In the previous lecture we have proven the following theorem:
\begin{theorem}
If $\psi(x,y)= \mid \{m \leq x \mid \text{m is y-smooth} \} \mid$
then, for $y=\Omega(log^2x)$, $\psi(x,y)\sim \frac{x}{u^u}$, where
$u=\frac{ln \hspace{0.02 in} x}{ln \hspace{0.02 in} y}$.
\end{theorem}
Let $y=ln^2x$ then $u = \frac{ln \hspace{0.02 in} x}{2lnln
\hspace{0.02 in} x}$. Therefore,
\begin{align*}
\psi(x,y) & \sim \frac{x}{(\frac{ln \hspace{0.02in} x}{2lnln
\hspace{0.02in} x})^{\frac{ln \hspace{0.02in} x}{2lnln
\hspace{0.02in} x}}} \\
& \sim \frac{x}{e^{\frac{1}{2} ln \hspace{0.02in} x}} \cdot
e^{\frac{ln \hspace{0.02in} x \cdot lnlnln \hspace {0.02in}
x}{2lnln \hspace{0.02in} x}} \\
& \sim x^{\frac{1}{2}} \cdot x^{\frac{lnlnln \hspace{0.02in}
x}{2lnln \hspace{0.02in} x}}\\
& \sim x^{\frac{1}{2} + o(1)}
\end{align*}
\emph{Problem:} Find the smallest value of $y$ such that
$\psi(x,y) = \Omega(x).$

\section{Pollard's p-1 method for factoring}
Let $n=pq$ be the number to be factored.

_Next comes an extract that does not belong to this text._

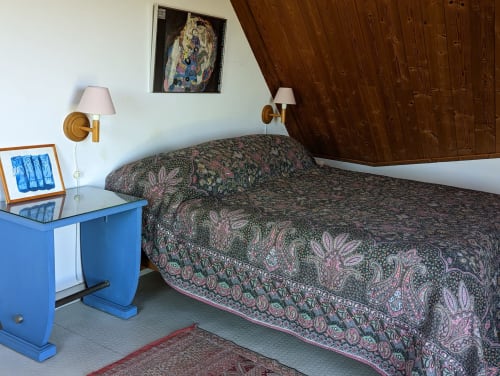 Chambre douillette avec literie à motifs, bureau bleu, plafond bois et appliques laiton à Locmaria Belle Île en Mer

Suppose $p-1$ be a
$k$-smooth number. Let $K=(k!)^{lg \hspace{0.02in} p}$. By
Fermat's Little Theorem, $a^K = 1 \hspace{0.04in}(mod
\hspace{0.04in}p)$. Suppose that, $q-1$ is not $k$-smooth. Then,
the claim is that $a^K = 1 \hspace{0.04in}(mod \hspace{0.04in}q)$
for `few' $a$'s. This is because, if $a^K = 1 \hspace{0.04in}(mod
\hspace{0.04in}q)$ then, $a^{gcd(K,q-1)} = 1 \hspace{0.04in}(mod
\hspace{0.04in}q)$. At most $gcd(K,q-1)$ of $a$'s can satisfy the
equation $a^{gcd(K,q-1)} = 1 \hspace{0.04in}(mod
\hspace{0.04in}q)$ and $gcd(K,q-1) \leq \frac{q-1}{2}$. This
yields the following algorithm:
\subsection{Algorithm}
Input: Positive integer $n$. \\
Output: Either a proper divisor of $n$ or `failure'. \\
For $k = 2,3,4,\ldots $ do
\begin{enumerate}
\item Randomly select $a \in Z_n$. \item $K \leftarrow (k!)^{(lg
\hspace{0.02in} n)}$. \item $b \leftarrow a^K \hspace{0.04in} (mod
\hspace{0.04in} n)$. \item $d \leftarrow gcd (b-1,n)$. \item if $1
< d < n$ then return $d$ else return `failure'.
\end{enumerate}
For the correct choice of $k$ the above algorithm returns a proper
divisor of $n$ with probability greater than $\frac{1}{2}$. Since
$(k!)^{log \hspace{0.02in} n} = ((k-1)!)^{log \hspace{0.02in} n}
\cdot k^{log \hspace{0.02in} n}$, Step 2 requires $\tilde{O}(klog
\hspace{0.02in} n \cdot log \hspace{0.02in} k) $ bit operations
per iteration. Step 3 requires $\tilde{O}(klog^2n \cdot log
\hspace{0.02in} k)$ bit operations per iteration and Step 4
requires $\tilde{O}(log \hspace{0.02in} n)$ operations per
iteration. Therefore time complexity of the above algorithm is
$\tilde{O}(k^2log^2n \cdot log \hspace{0.02in} k)$ bit operations.
\end{document}